SAY WORD: Evansville, IN | SWAT team raids wrong house

“Police came up empty-handed in a search for evidence about threatening Internet posts but only after damaging the house, handcuffing the woman and her granddaughter and seizing their computers, according to the lawsuit filed in U.S. District Court at Evansville,” reports the Courier Press.
Police claim the raid, which occurred back in June, was justified due to Internet posts traced back to 68-year-old Louise Milan’s house which threatened to attack the police department, but the posts had been made by a suspected gang member who had hijacked Milan’s wi-fi connection because it was not password protected.
The lawsuit states that the actions of the officers “were done with malicious intent to cause severe mental and emotional distress to Milan.”
After smashing Milan’s window and her storm door, police threw two flash grenades into the home before ordering Milan and her daughter onto the floor at gunpoint.

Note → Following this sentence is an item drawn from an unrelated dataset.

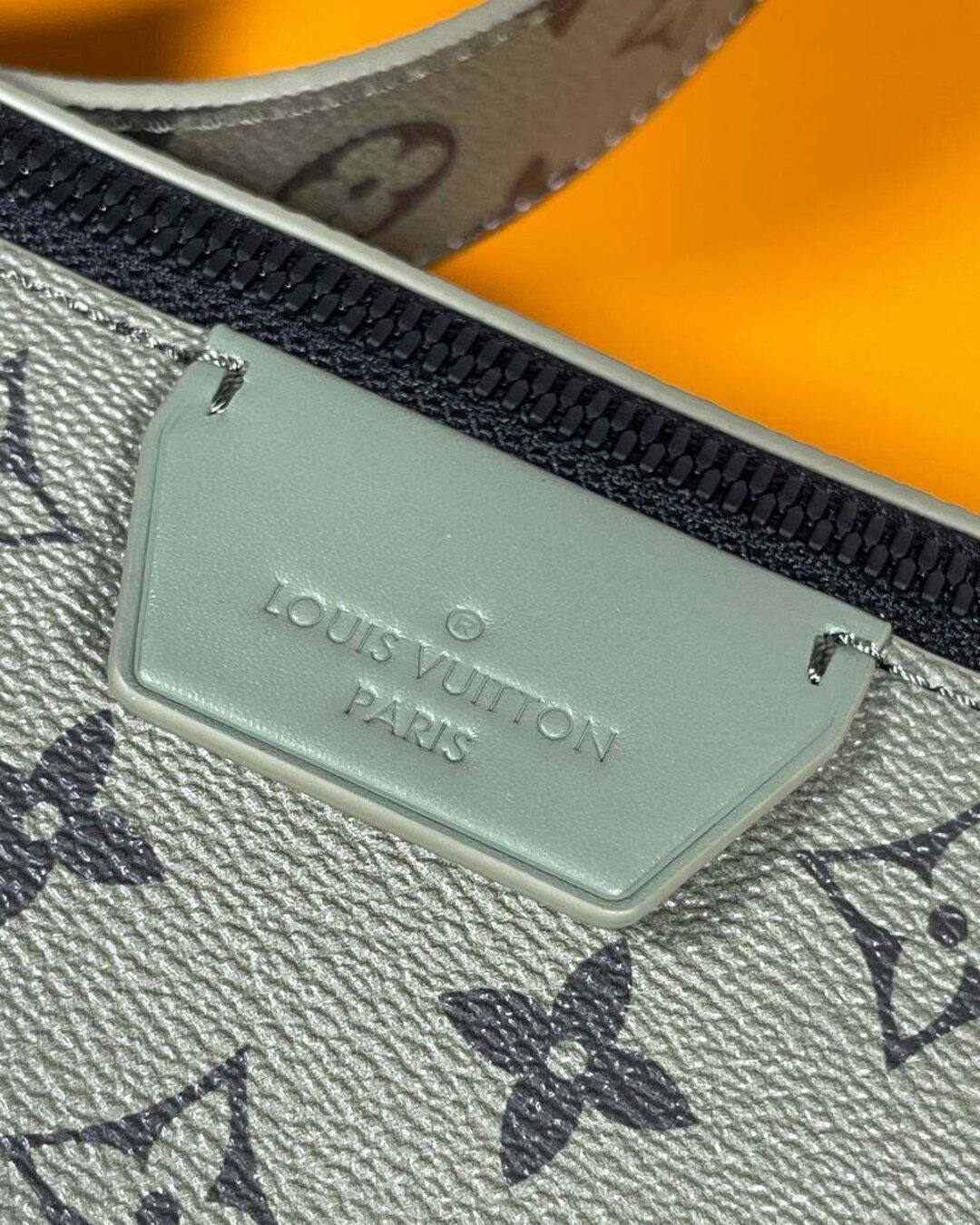 Сумка Louis Vuitton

The two were handcuffed and paraded in front of their neighbors before police seized computers and a cellphone.
The police even ensured that a news camera crew was there to document the raid in order to “memorialize” the incident.

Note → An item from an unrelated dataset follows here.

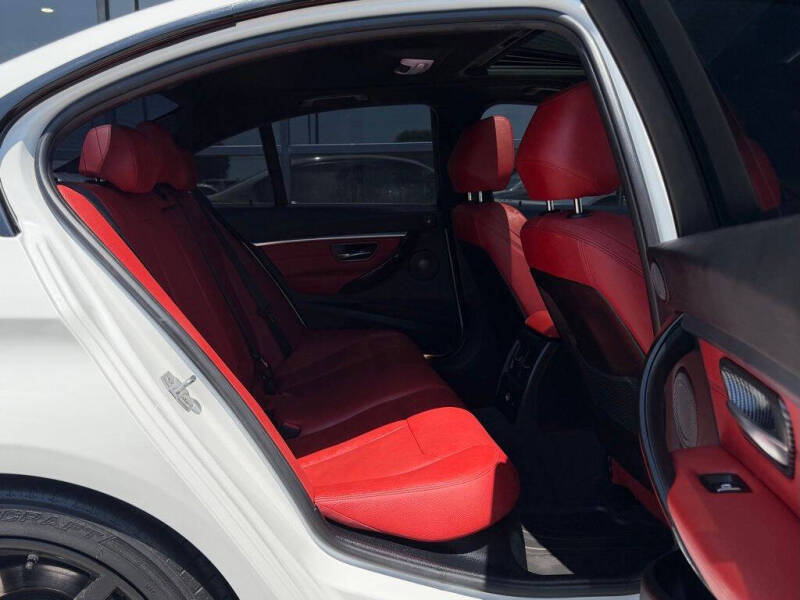 2017 BMW 3 Series 330e iPerformance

Alleged gang member Derrick Murray, who lived nearby, later admitted to a federal court that he had used his smartphone to hijack Milan’s wi-fi connection to make the threatening posts.

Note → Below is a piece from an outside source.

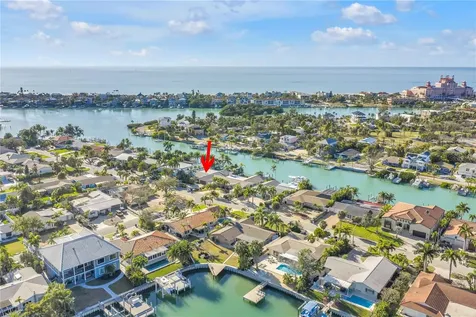 2890 Alton Drive St Pete Beach FL 33706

SWAT raids which turn out to target the wrong houses are a routine characteristic of America’s increasing decline into a police state.
- In October last year, police in Middletown, Delaware searching for a “person of interest” raided Steve and Jennifer Tuppeny’s house and held them at gunpoint before realizing they had the wrong house.
- In July 2010, a Minneapolis-St. Paul SWAT team raided the wrong house, shot the family dog and forced three children to sit next to the bleeding corpse of their beloved pet for over an hour.
- Police in Adams County, Colorado falsely raided the home of Jeff Fisher before shooting and killing his pet dog Ziggy when the animal attempted to run away.
- Lebanon, Tennessee resident John Adams was shot to death by cops as his wife was handcuffed in another room following another wrong house raid in September last year.
- A 12-year-old girl suffered second degree burns after police used flash grenades in executing a raid on a house in Billings, Montana last October over an alleged meth lab that never existed.
These are just a handful of cases from the last few years in what is turning into an epidemic of police abuse as a result of the failure to properly verify that such raids are targeting the right people.